Has Microsoft lost its mojo?
There’s something different in the air. Microsoft is doing its best to drum up an uproar around next week’s Professional Developers Conference (PDC). The company’s code-name generator is in overdrive — nothing new there. But it’s become painfully obvious that the company’s ratio of code names to products completed on time, as promised, is dismal. Remember the infamous “pillars” of Longhorn? I rest my case.
Sure, developers will descend en masse to Los Angeles per usual. But probably fewer than in the past, given a) the economic meltdown and b) a reality check on Microsoft’s PDC track record.
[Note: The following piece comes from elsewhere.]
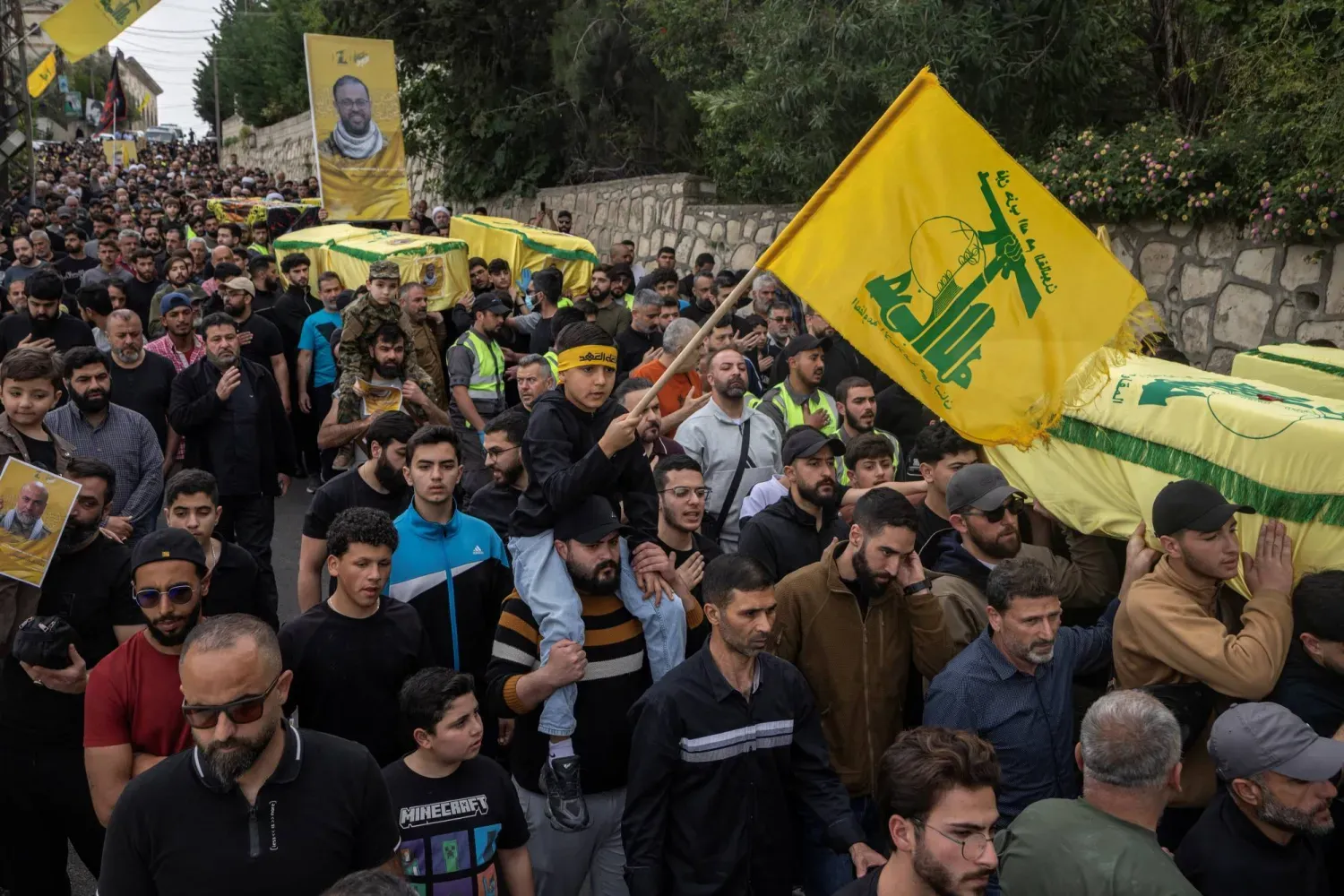 Lübnan'ın güneyinde bazı Hizbullah üyelerinin ve sivillerin cenaze töreninde taşınan Hizbullah bayrakları (Reuters)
What’s happened is — and it’s not surprising — that others have beat Microsoft to the much-hyped cloud. Google’s there. Amazon.com’s there. With stuff that works. Well, most of the time anyway. One of Google’s and Amazon’s biggest advantages is they didn’t have to lug Windows baggage. They’re on newer “platforms.” Windows has evolved from Microsoft’s cash cow to Microsoft’s cross to bear.
Microsoft makes much of Google products’ perpetual beta status. But, one could argue that Microsoft has been charging (top dollar) for allegedly finished products that are no better than beta in drag.
Microsoft .NET-centric VARs who concentrate on e-commerce have long been tempted by Amazon.com’s existing infrastructure, which thus far has been beyond their reach. Amazon has since said it will run Windows and SQL Server in its own cloud.
So here’s the thing: By the time Microsoft delivers what’s been promised there will have already been viable alternatives already operating. The question then becomes whether Microsoft can do to them what its past incarnations did to rival offerings — Lotus, Borland, WordPerfect — you name it.